Many families had no homes, or food.

===Deaths and injuries===
Overall, 16 people were killed and over 100 were injured. The deaths were reported to be 14 officers and conscripts and two civilians. Forensic investigators concluded on Wednesday their autopsy of the bodies of the victims with their injuries, mostly affecting the abdomen, chest and head, were caused by metal fragments from the explosion that were later extracted from the corpses. One of the fatalities, a woman, died beneath the debris of the partially collapsed building after suffering from cerebral hemorrhage and injuries to her lungs and ribs.

The number of injured is estimated to be 134, with thirty-one of them being treated in hospitals in Mansoura and Cairo according to Ahmed Kamel, Health Ministry spokesman. Al-Ahram reported that most of the injured's cases were stable and that the three city hospitals admitting the majority of the cases were well equipped and efficient in dealing with the cases. Thousands of the city's residents heeded official calls to donate blood in area hospitals. However, doctors began turning away potential donors as blood banks acquired large quantities of blood.

==Responsibility==
Ansar Bait al-Maqdis, which is currently engaged in an armed confrontation with the government in the lawless regions of the Sinai, has released an online statement claiming responsibility for the bombing and identified the name of the perpetrator as Abu Mariam. In the statement they threatened the government forces to "quit their service in the militias of [Defense Minister Abdel Fattah] al-Sisi and [Interior Minister] Mohamed Ibrahim, and learn from the fate of their colleagues [who were killed in the incident]." Another comment by the group on an Islamist forum read:
"Your brothers in Ansar Bait Al-Maqdis, with the grace of God, were able to target the Dakahlia police headquarters"
They have also called several times on the country's security forces before the incident to abandon their positions or "face death" at the hands of its fighters and were responsible for several previous terrorist attacks in the Sinai Peninsula.

==Domestic response==
Prime Minister Hazem Al Beblawi described the bombing as the "most heinous form of terrorism" and vowed that the perpetrators behind the attack will be brought to justice. Beblawi vowed to hunt down the perpetrators of the explosion saying that the incident was "an act of terrorism that aims at frightening the people and obstructing the roadmap. The black hands behind this act want to destroy the future of our country," and added that the state will do its utmost to pursue the criminals who executed, planned and supported this attack. In addition, acting President Adly Mansour announced three days of national mourning. After the attack, the Egyptian government considered the Muslim Brotherhood to be a terrorist organization.

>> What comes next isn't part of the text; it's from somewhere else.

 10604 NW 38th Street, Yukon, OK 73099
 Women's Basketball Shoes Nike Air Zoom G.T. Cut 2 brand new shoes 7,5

==International response==
United States - The U.S. State Department issued a strong condemnation, stating it “condemns in the strongest possible terms today's terrorist attack on the Dakahlia security directorate in Mansoura”. Following the Egyptian interim government’s designation of the Muslim Brotherhood as a terrorist organization, U.S. officials expressed concern. State Department spokesperson Jen Psaki cautioned that this move could undermine an inclusive political transition and called for continued dialogue across Egypt's political spectrum.